▶ Exercise: Everything in the listing should be copied exactly, save for the pictures.

Start of Data segment

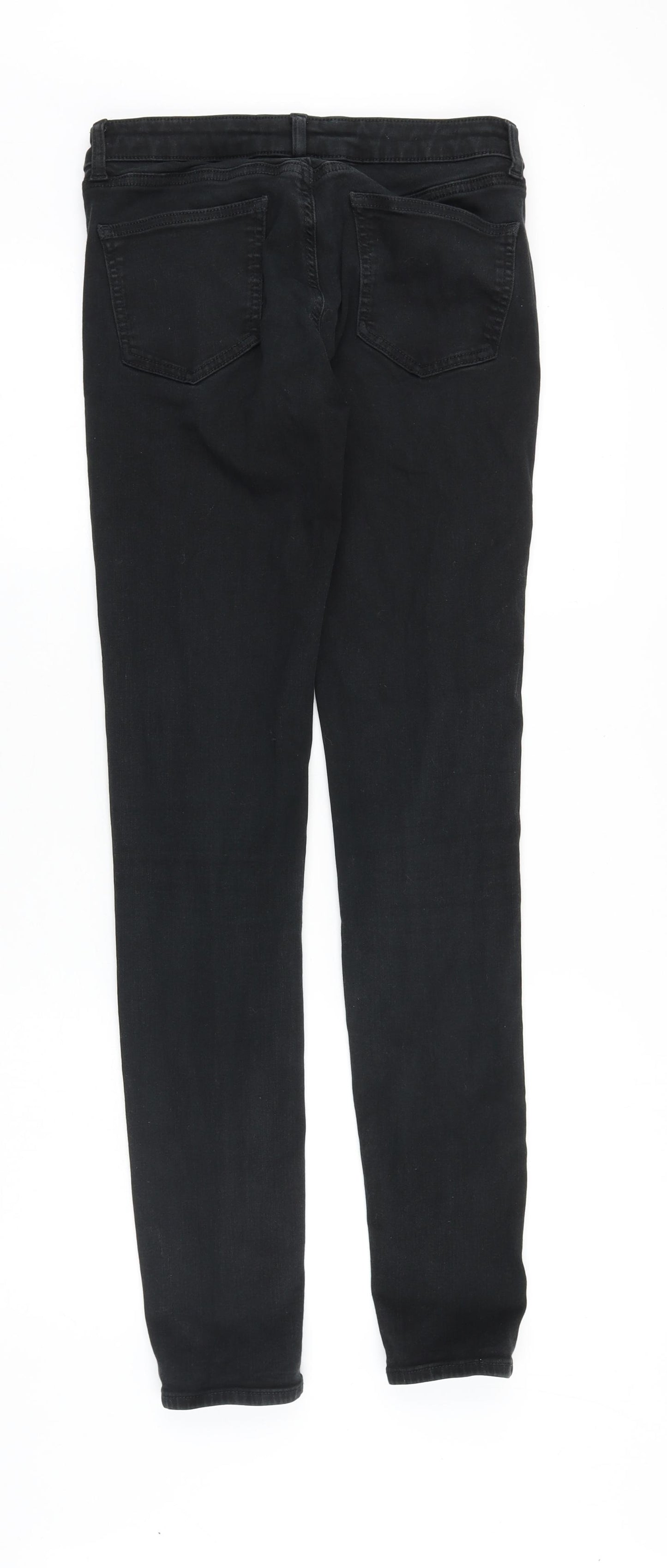 Uniqlo Womens Black Cotton Skinny Jeans Size 28 in Slim Zip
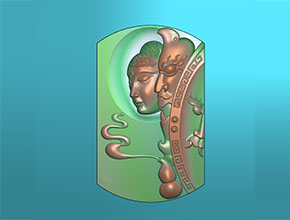 善與惡佛牌玉雕圖紙_電腦數(shù)控玉石雕刻機(jī)廠家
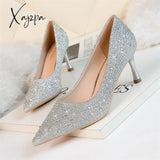 Xajzpa - 2023 Women 6.5Cm 9.5Cm High Heels Glitter Low Evening Rhinestone Pumps Lady Wedding Bridal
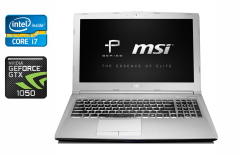 Игровой ноутбук Б-класс MSI PE60 7RD / 15.6" (1920x1080) IPS / Intel Core i7-7700HQ (4 (8) ядра по 2.8 - 3.8 GHz) / 16 GB DDR4 / 128 GB SSD + 1000 GB HDD / nVidia GeForce GTX 1050, 2 GB GDDR5, 128-bit / WebCam / HDMI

End of Data segment

▶ Finished task:
 Uniqlo Womens Black Cotton Skinny Jeans Size 28 in Slim Zip
 善與惡佛牌玉雕圖紙_電腦數(shù)控玉石雕刻機(jī)廠家
 Xajzpa - 2023 Women 6.5Cm 9.5Cm High Heels Glitter Low Evening Rhinestone Pumps Lady Wedding Bridal
 Игровой ноутбук Б-класс MSI PE60 7RD / 15.6" (1920x1080) IPS / Intel Core i7-7700HQ (4 (8) ядра по 2.8 - 3.8 GHz) / 16 GB DDR4 / 128 GB SSD + 1000 GB HDD / nVidia GeForce GTX 1050, 2 GB GDDR5, 128-bit / WebCam / HDMI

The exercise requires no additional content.